What I expected to happen:
I’m confused about how this code is able to extract the lower end of the range. Why is this the case?

How was I supposed to figure out using extract(r’(\d+)’) was THE PROPER SYNTAX TO USE. I used this link: 6.2. re — Regular expression operations — Python 3.4.10 documentation but could only find information on finding digits using d. Is there an alternative within the framework of what I’ve learned in the modules to solving this issue? Had it not been for the key, I don’t think I would have been able to find this specific syntax with my own research. Any pointers on how to figure out this and make this deduction independently?

Also, what’s the difference between ‘str’ or ‘float’, and str and float—without quotations?

What actually happened:

:man_facepalming:t2::man_facepalming:t2::man_facepalming:t2: That’s actually what I’m trying to figure out :joy: :joy: :joy: :joy:

Replace this line with the output/error

tldr/ just curious about how the syntax works, ‘str’ and ‘float’ vs. str and float, and why the lower end of the range is used given the syntax I provided. I’m curious to see what the community thinks. Thanks :pray: :pray: :pray: :pray:

Hey @kylemoorman1

what’s the difference between ‘str’ or ‘float’, and str and float—without quotations?

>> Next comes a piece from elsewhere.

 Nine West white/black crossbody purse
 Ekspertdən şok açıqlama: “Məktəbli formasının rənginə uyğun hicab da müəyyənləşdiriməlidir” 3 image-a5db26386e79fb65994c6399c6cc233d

Not entirely sure about this. But could be something to do with Python 2 and Python 3.
This stack overflow post might help.

I tried this and got similar results:

>>> type("str"), type(str)
(<class 'str'>, <class 'type'>)

Not entirely sure what exactly your question is about \d+. Can you please explain (again)?

Hi @Rucha ,

If you refer to the very top of my original post, the code is essentially using the vectorized “extract” method in order pull digits (or reoccuring digits) from the “institute service” column. What I don’t understand is:

  1. Why does this syntax work? I’m thinking maybe I’ll learn why in my current module about regular expression.

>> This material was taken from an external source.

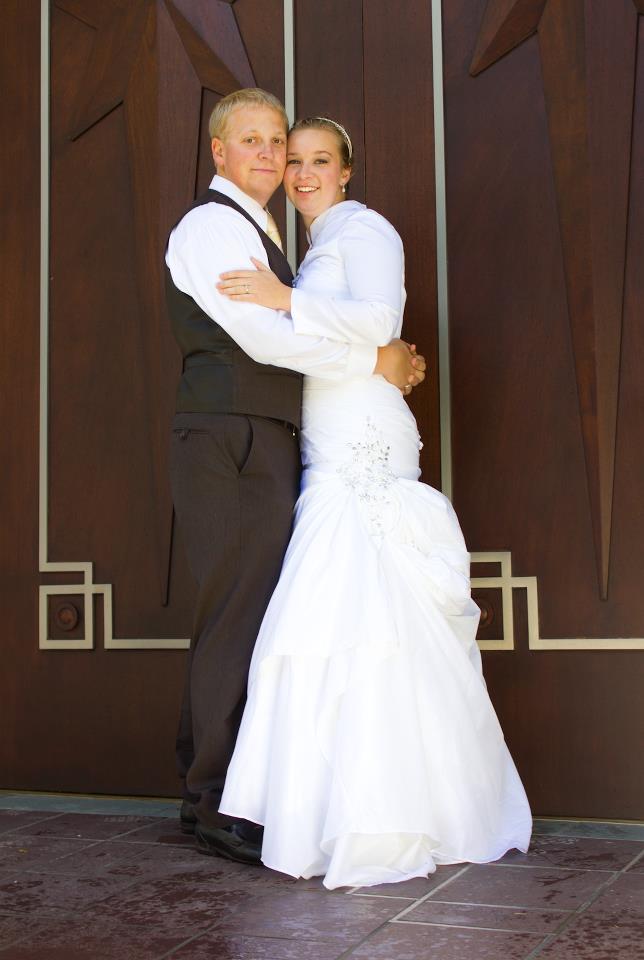 374430_302906426476875_302527853_n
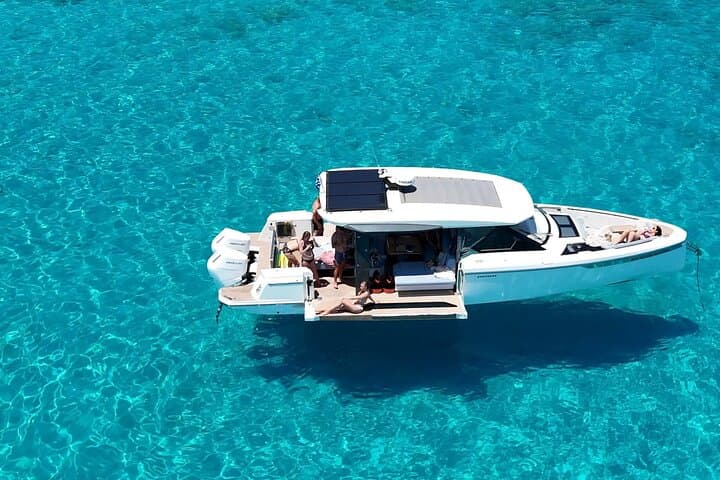 Private Yacht to Lindos: 8‑Hour All‑Inclusive Swim, Snorkel & Lindos Bay Experience photo 2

  1. Some values come across as a range before I apply my extract method code. I noticed that the lower number in the range is extracted instead of the higher number. For instance, if the value_counts method gives me 5-6 before applying the extract method, why do I get a value_counts which counts this as all 5 years? Why does the extract method extract the lower digit in the range?

I’m also curious how I could have been able to defuce this syntax on my own. Please let me know what about my question is confusing specifically. All I can do is re-explain, but please advise on what might be creating the confusion with my question.

Thanks :pray: